# [Thu 31st Dec 2015] Brixton Offline New Year's Eve party! (London)



## editor (Dec 22, 2015)

We're back at the Albert for the big NYE's party!

10pm - 4am
£4 - regulars get in free!

One of Brixton's longest running club nights looks set to put on another wild New Year's Eve party, with DJs Ms Jizzy Rascal, Editor and Baron Bobby Bauhaus throwing down a party fuelling mix of indie, dance, ska, punk, Motown, hip-hop and drum'n' bass.

Taking place in one of Brixton's last remaining non-gentrified boozers, expect cheap prices at the bar, an old school, unpretentious crowd and some of the friendliest folks you'll find around town.

Get there quick though, as this party is always a sell-out.


DJs on the night

*DJ JIZZY RASCAL*
The gin powerhouse will be serving up a wonderful mix of retro, punk, hip-hop, dance and even a bit of Dolly Parton. Hell yes!

*EDITOR (urban75)*
Expect a hearty, ale-fuelled onslaught of ska, punk, rock'n'roll, big band, rockabilly, Mrs Mills and Liberace in a floor stomping package.

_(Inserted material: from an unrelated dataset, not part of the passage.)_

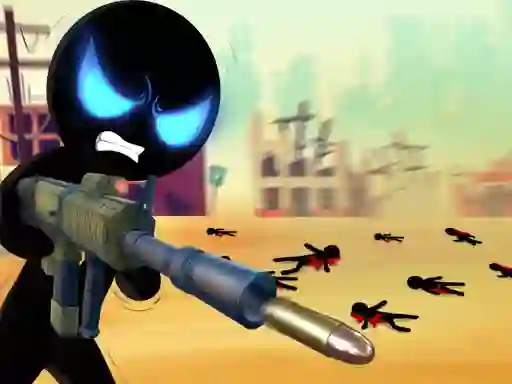 Gêm Stickman Armed Assassin: Going Down ar-lein
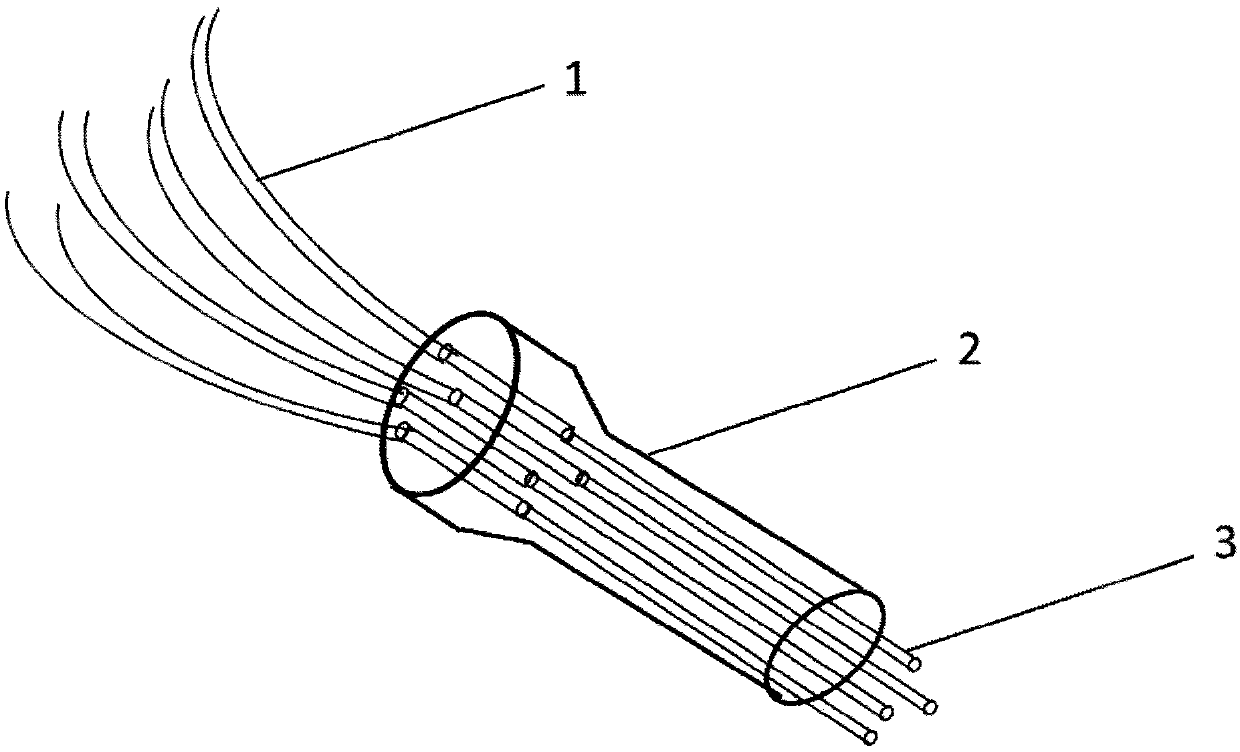 Pulling method of array optical fiber optical tweezers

*BARON BOBBY BAUHAUS (charcoal soul)*
More mysterious than Robert Smith's eyeliner bag, Bobby gets dancefloors rocking with quirky, darkside indie-pop and kohl-smudging breakbeats.

MULTIMEDIA
Videos and photo slideshows of street photography, random amusements and weird shizzle from the internet.


----------